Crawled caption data
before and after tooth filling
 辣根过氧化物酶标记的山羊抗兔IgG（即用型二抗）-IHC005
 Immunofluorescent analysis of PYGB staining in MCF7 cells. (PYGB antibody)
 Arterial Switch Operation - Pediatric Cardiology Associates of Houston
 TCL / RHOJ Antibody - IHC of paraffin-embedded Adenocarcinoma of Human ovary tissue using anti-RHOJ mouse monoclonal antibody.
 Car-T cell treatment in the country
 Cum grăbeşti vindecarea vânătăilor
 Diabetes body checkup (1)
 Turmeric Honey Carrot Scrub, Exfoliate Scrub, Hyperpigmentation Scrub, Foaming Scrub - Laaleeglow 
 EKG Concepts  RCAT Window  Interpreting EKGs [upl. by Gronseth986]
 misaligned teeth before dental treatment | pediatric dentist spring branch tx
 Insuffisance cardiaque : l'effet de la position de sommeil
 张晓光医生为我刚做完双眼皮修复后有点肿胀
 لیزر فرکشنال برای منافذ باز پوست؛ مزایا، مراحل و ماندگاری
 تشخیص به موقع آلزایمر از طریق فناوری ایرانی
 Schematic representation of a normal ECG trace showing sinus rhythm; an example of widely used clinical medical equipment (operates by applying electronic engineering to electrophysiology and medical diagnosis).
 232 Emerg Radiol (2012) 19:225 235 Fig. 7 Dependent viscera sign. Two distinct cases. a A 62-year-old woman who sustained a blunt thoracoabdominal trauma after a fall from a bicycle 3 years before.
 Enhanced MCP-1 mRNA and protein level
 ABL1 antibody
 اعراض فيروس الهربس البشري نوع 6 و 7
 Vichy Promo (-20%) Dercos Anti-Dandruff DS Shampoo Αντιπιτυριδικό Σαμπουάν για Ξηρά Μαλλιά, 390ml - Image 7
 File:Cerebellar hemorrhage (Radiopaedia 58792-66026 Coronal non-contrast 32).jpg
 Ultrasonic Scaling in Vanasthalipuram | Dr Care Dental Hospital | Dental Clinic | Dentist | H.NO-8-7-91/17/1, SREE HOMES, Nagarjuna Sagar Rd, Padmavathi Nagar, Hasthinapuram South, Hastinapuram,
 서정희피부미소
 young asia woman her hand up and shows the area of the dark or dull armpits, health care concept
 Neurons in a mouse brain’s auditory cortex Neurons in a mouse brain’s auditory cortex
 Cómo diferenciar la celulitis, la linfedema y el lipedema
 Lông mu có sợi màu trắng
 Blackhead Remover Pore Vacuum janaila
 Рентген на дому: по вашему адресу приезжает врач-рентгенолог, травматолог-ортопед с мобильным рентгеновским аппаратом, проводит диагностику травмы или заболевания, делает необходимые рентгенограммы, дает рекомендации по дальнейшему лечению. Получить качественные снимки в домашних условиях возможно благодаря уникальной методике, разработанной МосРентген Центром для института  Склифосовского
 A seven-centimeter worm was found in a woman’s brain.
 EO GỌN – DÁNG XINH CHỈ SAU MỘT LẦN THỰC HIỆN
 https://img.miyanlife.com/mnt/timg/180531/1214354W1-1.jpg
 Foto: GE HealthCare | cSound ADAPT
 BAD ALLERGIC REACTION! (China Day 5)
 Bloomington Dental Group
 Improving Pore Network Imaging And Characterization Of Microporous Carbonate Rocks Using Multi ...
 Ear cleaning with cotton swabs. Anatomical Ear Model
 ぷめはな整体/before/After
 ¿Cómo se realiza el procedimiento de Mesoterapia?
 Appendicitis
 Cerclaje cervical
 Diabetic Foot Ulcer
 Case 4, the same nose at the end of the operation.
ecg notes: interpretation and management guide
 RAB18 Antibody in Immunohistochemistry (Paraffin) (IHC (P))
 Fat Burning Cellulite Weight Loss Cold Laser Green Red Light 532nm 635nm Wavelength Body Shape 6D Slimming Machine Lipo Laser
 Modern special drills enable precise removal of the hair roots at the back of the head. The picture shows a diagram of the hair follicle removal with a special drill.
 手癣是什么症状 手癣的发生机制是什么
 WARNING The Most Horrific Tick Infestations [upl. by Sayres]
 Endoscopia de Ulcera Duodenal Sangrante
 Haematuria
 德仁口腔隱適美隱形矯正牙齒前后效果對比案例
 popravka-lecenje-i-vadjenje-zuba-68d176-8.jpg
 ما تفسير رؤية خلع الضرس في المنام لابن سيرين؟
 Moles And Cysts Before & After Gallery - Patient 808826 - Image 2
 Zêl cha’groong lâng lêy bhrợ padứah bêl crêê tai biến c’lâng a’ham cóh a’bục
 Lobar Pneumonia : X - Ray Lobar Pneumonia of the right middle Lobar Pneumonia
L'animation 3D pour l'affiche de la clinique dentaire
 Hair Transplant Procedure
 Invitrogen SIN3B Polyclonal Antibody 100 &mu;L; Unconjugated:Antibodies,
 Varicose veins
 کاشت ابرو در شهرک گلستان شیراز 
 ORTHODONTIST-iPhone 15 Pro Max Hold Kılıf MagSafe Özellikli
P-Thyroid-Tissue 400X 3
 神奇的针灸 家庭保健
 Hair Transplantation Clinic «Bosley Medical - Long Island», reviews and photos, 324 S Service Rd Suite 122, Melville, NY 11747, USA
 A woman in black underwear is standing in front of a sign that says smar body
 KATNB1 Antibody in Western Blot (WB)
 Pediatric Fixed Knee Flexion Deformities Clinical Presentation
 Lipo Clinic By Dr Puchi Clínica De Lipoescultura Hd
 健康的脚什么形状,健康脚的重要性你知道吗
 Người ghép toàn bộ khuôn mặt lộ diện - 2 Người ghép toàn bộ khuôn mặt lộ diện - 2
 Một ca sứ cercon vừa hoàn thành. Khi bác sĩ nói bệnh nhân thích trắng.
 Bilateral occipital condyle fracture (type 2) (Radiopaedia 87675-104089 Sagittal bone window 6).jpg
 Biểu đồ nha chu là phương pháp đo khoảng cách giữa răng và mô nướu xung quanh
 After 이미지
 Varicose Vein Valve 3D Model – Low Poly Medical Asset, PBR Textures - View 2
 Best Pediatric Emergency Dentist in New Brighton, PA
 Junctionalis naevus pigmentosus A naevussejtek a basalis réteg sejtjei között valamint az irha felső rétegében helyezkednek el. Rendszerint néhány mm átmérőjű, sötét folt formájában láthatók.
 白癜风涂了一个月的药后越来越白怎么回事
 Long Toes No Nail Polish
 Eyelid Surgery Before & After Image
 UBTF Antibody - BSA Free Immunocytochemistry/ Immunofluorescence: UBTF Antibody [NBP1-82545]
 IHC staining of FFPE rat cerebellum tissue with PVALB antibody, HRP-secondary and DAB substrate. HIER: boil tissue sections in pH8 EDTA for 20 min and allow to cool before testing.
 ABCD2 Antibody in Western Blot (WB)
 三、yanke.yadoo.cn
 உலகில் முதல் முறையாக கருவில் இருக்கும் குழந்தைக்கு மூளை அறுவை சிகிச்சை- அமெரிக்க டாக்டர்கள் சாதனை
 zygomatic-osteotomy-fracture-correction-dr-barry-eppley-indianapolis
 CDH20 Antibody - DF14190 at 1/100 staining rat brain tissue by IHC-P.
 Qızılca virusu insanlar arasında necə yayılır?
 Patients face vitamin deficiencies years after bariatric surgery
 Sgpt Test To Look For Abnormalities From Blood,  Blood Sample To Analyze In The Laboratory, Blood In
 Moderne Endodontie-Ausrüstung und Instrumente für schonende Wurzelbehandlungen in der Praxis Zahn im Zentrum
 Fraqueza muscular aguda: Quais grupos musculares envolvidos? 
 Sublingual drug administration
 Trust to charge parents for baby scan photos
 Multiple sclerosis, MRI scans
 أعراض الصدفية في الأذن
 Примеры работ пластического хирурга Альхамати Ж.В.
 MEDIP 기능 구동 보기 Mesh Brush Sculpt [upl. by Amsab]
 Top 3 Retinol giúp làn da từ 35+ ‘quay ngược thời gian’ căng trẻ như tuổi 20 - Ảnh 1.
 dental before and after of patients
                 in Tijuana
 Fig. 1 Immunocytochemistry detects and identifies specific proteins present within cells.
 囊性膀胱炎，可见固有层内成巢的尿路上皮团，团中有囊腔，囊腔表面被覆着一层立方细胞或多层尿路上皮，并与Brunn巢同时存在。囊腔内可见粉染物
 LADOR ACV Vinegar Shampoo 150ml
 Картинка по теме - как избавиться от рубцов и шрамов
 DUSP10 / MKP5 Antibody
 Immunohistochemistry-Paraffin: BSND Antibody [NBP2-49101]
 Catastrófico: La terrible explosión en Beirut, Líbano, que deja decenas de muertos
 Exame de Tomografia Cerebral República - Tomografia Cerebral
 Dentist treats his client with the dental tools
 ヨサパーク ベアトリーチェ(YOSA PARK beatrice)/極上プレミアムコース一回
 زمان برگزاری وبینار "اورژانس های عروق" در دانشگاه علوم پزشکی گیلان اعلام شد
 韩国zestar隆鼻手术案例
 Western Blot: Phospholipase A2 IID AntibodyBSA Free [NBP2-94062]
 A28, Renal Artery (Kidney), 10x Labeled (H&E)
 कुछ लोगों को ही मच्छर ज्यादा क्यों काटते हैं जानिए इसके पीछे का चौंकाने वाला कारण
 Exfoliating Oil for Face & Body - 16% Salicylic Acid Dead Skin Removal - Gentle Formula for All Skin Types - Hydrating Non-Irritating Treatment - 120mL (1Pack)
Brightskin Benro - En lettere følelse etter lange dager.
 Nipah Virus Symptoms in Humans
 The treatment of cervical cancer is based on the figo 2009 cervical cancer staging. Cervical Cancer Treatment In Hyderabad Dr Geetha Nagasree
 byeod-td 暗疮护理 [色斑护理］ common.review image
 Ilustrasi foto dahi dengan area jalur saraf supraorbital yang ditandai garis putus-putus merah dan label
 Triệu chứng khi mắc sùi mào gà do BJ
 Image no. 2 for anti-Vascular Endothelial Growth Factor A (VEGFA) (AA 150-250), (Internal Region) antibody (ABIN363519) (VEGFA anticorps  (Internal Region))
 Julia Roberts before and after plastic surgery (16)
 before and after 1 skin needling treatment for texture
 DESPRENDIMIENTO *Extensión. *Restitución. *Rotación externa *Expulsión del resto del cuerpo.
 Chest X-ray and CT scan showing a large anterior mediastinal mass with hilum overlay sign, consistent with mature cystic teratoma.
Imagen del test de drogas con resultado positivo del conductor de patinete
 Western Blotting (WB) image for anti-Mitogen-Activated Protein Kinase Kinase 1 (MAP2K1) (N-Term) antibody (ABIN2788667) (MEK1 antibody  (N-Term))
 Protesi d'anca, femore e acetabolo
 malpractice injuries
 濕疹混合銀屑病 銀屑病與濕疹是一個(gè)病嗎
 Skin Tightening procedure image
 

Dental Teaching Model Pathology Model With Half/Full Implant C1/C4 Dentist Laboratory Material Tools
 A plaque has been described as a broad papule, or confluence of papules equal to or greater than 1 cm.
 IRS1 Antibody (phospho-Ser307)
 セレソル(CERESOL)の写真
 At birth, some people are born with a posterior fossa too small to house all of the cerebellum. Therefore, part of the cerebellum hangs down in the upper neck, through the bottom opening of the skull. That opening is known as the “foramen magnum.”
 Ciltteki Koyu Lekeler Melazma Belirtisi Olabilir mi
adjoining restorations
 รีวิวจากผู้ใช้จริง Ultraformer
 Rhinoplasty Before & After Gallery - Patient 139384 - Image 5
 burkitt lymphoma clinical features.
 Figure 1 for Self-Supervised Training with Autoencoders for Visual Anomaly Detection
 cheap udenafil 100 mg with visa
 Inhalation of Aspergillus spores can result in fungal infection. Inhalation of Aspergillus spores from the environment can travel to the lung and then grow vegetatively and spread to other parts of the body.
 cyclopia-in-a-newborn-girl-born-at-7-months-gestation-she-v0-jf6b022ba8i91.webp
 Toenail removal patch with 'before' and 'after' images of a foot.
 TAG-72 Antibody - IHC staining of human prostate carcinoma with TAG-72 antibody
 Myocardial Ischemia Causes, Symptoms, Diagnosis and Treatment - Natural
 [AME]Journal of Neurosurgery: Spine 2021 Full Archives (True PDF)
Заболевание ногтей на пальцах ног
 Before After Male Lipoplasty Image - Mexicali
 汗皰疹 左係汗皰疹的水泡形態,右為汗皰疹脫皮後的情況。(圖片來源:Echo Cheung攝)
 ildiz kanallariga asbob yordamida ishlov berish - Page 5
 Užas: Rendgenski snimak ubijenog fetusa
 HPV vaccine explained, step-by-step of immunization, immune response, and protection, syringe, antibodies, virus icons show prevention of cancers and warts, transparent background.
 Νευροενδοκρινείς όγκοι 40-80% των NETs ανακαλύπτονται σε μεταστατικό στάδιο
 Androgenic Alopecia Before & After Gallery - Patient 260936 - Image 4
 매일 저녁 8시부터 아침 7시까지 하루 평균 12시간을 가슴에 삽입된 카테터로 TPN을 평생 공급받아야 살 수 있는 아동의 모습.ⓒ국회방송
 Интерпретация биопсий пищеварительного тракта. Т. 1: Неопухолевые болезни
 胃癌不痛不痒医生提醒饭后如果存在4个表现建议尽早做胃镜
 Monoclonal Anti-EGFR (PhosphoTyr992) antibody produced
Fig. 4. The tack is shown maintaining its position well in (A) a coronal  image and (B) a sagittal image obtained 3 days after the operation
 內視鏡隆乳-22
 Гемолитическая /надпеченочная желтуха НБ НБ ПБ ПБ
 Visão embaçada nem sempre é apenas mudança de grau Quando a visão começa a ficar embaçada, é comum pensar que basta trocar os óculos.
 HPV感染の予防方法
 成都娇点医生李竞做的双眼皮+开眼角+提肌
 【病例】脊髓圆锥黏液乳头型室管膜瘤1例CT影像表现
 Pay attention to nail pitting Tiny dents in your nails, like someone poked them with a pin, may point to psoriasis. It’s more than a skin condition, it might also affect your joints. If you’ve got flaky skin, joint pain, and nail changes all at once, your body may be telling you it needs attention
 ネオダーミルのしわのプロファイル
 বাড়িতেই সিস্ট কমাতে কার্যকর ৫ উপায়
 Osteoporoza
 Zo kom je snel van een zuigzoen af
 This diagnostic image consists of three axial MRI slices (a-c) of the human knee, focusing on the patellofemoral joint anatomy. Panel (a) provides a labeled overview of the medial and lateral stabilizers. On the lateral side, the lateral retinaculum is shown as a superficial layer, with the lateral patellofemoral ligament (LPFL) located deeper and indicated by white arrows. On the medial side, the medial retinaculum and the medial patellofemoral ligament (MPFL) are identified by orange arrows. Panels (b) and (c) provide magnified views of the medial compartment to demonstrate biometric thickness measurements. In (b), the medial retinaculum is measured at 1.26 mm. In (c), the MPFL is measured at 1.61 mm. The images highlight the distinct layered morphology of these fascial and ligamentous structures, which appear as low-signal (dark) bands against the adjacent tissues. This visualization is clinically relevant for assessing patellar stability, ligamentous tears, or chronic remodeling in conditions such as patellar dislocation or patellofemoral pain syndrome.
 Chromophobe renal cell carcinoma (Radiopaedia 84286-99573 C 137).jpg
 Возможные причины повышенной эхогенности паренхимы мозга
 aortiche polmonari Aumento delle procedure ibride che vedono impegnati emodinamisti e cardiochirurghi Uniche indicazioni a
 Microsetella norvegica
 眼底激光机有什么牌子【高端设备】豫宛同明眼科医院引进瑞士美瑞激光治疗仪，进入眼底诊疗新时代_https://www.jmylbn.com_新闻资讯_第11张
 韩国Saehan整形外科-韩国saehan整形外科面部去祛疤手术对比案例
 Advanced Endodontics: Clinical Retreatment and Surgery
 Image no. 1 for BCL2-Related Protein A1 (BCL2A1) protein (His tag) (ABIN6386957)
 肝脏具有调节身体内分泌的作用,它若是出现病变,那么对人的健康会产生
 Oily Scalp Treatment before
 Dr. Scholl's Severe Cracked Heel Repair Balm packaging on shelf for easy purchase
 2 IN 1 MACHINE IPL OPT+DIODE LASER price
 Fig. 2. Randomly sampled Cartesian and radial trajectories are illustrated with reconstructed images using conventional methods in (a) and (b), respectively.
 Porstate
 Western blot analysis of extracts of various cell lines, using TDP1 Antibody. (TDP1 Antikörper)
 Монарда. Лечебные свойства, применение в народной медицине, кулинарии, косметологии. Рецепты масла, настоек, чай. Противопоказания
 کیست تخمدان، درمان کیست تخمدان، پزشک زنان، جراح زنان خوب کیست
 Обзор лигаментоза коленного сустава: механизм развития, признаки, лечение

> [What the task requires] What is asked for is an exact copy of the lines above from the one containing "三、yanke.yadoo.cn" through the one containing "Exame de Tomografia", and only those.

> [Worked solution]
 三、yanke.yadoo.cn
 உலகில் முதல் முறையாக கருவில் இருக்கும் குழந்தைக்கு மூளை அறுவை சிகிச்சை- அமெரிக்க டாக்டர்கள் சாதனை
 zygomatic-osteotomy-fracture-correction-dr-barry-eppley-indianapolis
 CDH20 Antibody - DF14190 at 1/100 staining rat brain tissue by IHC-P.
 Qızılca virusu insanlar arasında necə yayılır?
 Patients face vitamin deficiencies years after bariatric surgery
 Sgpt Test To Look For Abnormalities From Blood,  Blood Sample To Analyze In The Laboratory, Blood In
 Moderne Endodontie-Ausrüstung und Instrumente für schonende Wurzelbehandlungen in der Praxis Zahn im Zentrum
 Fraqueza muscular aguda: Quais grupos musculares envolvidos? 
 Sublingual drug administration
 Trust to charge parents for baby scan photos
 Multiple sclerosis, MRI scans
 أعراض الصدفية في الأذن
 Примеры работ пластического хирурга Альхамати Ж.В.
 MEDIP 기능 구동 보기 Mesh Brush Sculpt [upl. by Amsab]
 Top 3 Retinol giúp làn da từ 35+ ‘quay ngược thời gian’ căng trẻ như tuổi 20 - Ảnh 1.
 dental before and after of patients
                 in Tijuana
 Fig. 1 Immunocytochemistry detects and identifies specific proteins present within cells.
 囊性膀胱炎，可见固有层内成巢的尿路上皮团，团中有囊腔，囊腔表面被覆着一层立方细胞或多层尿路上皮，并与Brunn巢同时存在。囊腔内可见粉染物
 LADOR ACV Vinegar Shampoo 150ml
 Картинка по теме - как избавиться от рубцов и шрамов
 DUSP10 / MKP5 Antibody
 Immunohistochemistry-Paraffin: BSND Antibody [NBP2-49101]
 Catastrófico: La terrible explosión en Beirut, Líbano, que deja decenas de muertos
 Exame de Tomografia Cerebral República - Tomografia Cerebral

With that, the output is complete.